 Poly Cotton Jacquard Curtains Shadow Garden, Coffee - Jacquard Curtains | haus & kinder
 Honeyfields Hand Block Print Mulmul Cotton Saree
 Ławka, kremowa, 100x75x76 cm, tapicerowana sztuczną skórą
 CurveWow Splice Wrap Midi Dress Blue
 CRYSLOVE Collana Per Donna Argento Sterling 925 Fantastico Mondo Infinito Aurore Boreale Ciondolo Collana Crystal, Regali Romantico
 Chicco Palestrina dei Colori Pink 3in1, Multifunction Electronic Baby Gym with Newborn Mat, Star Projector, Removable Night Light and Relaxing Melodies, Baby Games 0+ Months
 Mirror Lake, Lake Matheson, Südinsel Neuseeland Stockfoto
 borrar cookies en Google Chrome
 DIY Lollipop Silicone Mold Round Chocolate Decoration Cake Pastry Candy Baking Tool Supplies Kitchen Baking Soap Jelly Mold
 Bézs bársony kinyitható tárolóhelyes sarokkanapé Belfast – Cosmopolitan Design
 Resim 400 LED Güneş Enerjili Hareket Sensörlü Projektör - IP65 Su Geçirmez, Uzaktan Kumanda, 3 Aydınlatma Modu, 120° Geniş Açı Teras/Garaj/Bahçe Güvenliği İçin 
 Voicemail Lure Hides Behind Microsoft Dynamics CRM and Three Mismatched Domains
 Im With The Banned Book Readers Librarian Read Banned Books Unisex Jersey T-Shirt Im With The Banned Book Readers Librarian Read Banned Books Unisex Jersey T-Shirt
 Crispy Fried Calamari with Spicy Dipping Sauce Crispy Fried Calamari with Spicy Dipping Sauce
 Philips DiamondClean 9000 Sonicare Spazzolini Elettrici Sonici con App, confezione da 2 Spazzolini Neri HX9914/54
· · · ·
** WHAT IS NEEDED **
Please report how many lines of the entries above contain the string "Cotton". Reply with only the number.

** WRITTEN ANSWER **
2